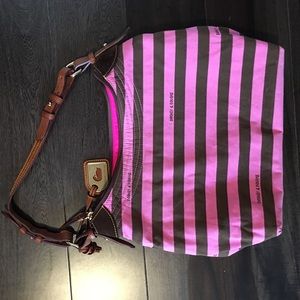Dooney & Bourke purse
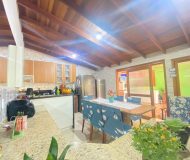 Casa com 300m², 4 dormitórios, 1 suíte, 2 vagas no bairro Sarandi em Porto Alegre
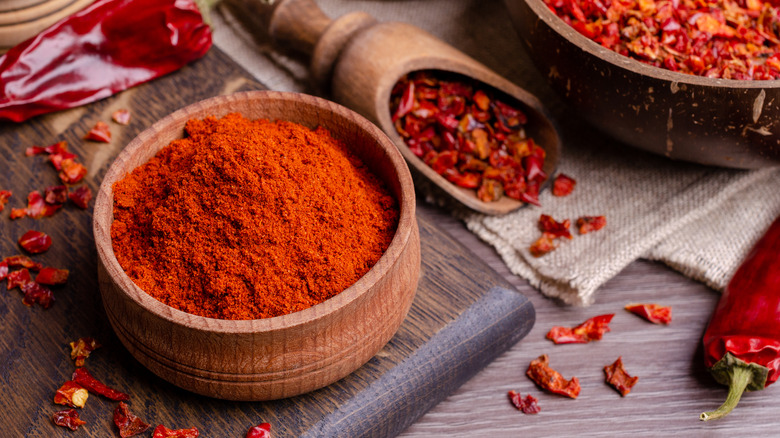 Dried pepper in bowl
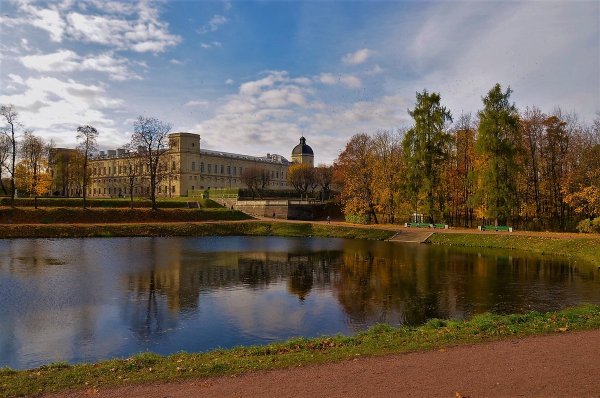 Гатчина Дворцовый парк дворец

- _INSTRUCTIONS FOR THE TASK_
Only the lines from the one containing "Dried pepper in bowl" through the end of the listing above should be reproduced, exactly as they stand. Leave the pictures out.

- _EXPECTED ANSWER_
 Dried pepper in bowl
 Гатчина Дворцовый парк дворец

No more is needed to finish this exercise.